中京の坂だより・2     

名古屋の街は徳川氏が清洲城を捨て、南に熱田の先まで平野が拡がる現在の名古屋城の位置に城を造り、街を興して発展したもので、戦国時代の終わりを表す平城の設定である。
したがって街の中央部および西部は平坦な地形で、坂道はない。
しかし、東部は丘陵地で地名にも「丘」の表示が多い。

昭和12年に東山公園が造成されるまでは、市街地の東は覚王山あたりまでで、丘陵地が住宅地として本格的に開発されるのは戦後である。
「坂道」は多いが、東京のように名前のついたものは少ない。
赴任して半年弱、歩き回る余裕もなく、十分に調査できていないが、 有名なものを紹介してみたい。

[茶屋が坂] 
茶屋が坂を坂下から見る。
中央が基幹バスのレーン。
安全地帯も見える。

坂下から見る。
坂上方向が名古屋城方

名古屋で最も知られている坂道のひとつ。
名古屋城の清水口から猪子石を経て秀吉が家康に敗れた地、長久手に至る山口街道(別名長久手街道)沿いにある坂道。
この道は名古屋の城下と東部地域を結ぶ交易の道であった。
近年地下鉄(日本初の環状運転をする地下鉄)が開通し、「茶屋ヶ坂駅」ができ、バスターミナルもつくられた。

この辺りはこの名前があふれていて、眼科、クリニック、マンション、食堂などこの名を 冠した施設がいっぱいである。
言うまでもなく銀行や会社の支店・営業所の地名にも使用されている。 住所表示、通り、公園名にも使われているがその表示はまちまちである。
駅は「茶屋ヶ坂」、大きな公園の名も「茶屋ヶ坂」であるが、住所は「茶屋が坂」、 通りは「茶屋坂通」である。
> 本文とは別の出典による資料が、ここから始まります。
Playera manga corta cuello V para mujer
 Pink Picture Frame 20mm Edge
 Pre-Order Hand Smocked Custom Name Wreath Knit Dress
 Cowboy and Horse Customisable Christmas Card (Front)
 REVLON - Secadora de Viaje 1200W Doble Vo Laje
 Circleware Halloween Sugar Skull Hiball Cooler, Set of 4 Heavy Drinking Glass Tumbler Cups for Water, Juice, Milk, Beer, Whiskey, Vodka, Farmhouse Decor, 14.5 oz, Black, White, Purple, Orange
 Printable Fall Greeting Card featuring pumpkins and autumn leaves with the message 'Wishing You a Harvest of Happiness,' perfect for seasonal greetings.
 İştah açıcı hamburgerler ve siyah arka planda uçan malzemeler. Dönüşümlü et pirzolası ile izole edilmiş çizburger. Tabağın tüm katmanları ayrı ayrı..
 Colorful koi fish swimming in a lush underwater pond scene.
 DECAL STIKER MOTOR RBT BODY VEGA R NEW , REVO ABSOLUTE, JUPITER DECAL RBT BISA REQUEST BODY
坂名は、お察しの通りこの地に1軒の茶店があったためついたと言われている。
坂道は片側2〜3車線の大通りで、 少しカーブもあり、 堂々たるものであるが いささか風情に欠ける(これは名古屋の街全体に言えること)。
通りのセンターを基幹バスと言われるバス路線が通っていて、 路面電車のように安全地帯が設けられている。

坂道の北側の地名が「茶屋が坂」であるのに対し、 公園のある南側は「赤坂町」である。
赤坂も文字通り赤土の坂で、長久手の戦の夜明けに軍勢が通ったと言われている。
近くにある浄水場の傍には神道学者・吉見幸和の墓所がある。